ECG Case 127: Sustained Monomorphic Ventricular Tachycardia

There is a regular rhythm at a rate of 270 bpm. The QRS complex duration is 0.16 second; the QRS morphology is abnormal and the axis is rightward, between +90° and +180° (negative QRS complex in lead I and positive QRS complex in lead aVF).

Sustained monomorphic ventricular tachycardia
Sustained monomorphic ventricular tachycardia

There are only two arrhythmias that present with a regular rate over 260 bpm (ie, atrial flutter with 1:1 conduction or ventricular tachycardia, which at this rate is often termed ventricular flutter). There is no obvious atrial activity.

There is subtle variability in the morphology of the QRS complex (+) and ST-T waves (^), most apparent in the lead II rhythm strip as well as leads I and aVF (+). These are features seen with sustained ventricular tachycardia. The morphology of the QRS complexes is similar; hence this is monomorphic ventricular tachycardia.

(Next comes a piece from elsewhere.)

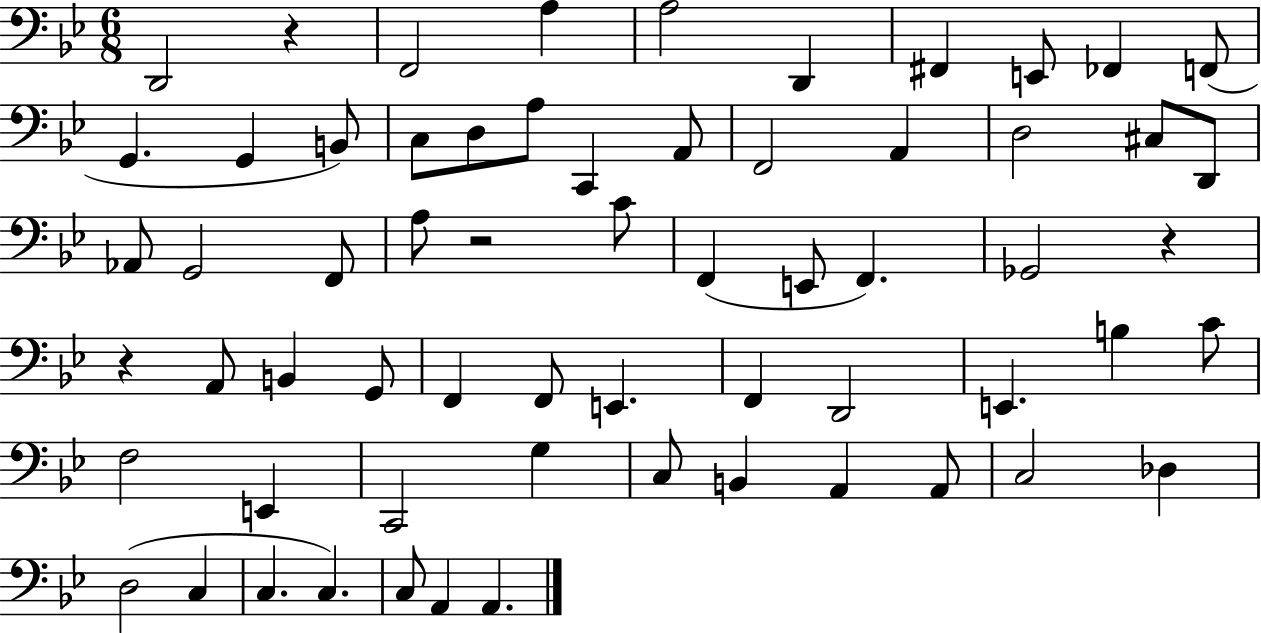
D2/h R/q F2/h A3/q A3/h D2/q F#2/q E2/e FES2/q F2/e G2/q. G2/q B2/e C3/e D3/e A3/e C2/q A2/e F2/h A2/q D3/h C#3/e D2/e Ab2/e G2/h F2/e A3/e R/h C4/e F2/q E2/e F2/q. Gb2/h R/q R/q A2/e B2/q G2/e F2/q F2/e E2/q. F2/q D2/h E2/q. B3/q C4/e F3/h E2/q C2/h G3/q C3/e B2/q A2/q A2/e C3/h Db3/q D3/h C3/q C3/q. C3/q. C3/e A2/q A2/q.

Criteria for Discriminating Ventricular Tachycardia from SVT with Aberration
Criteria for Discriminating Ventricular Tachycardia from SVT with Aberration

Immediate defibrillation is indicated when the arrhythmia is associated with hemodynamic compromise, as in this patient who became pulseless.

Importantly, cardioversion (which is the delivery of a low- energy shock synchronous with the QRS complex) should not be used as at this rate it is not possible to distinguish between the QRS complex and the T wave, and the shock could be delivered on top of the T wave.

In addition, CPR and advanced cardiovascular life support should be performed, including airway maintenance and oxygenation (ie, intubation), chest compressions, and administration of epinephrine (+/- vasopressin) and anti-arrhythmic therapy at the appropriate time intervals.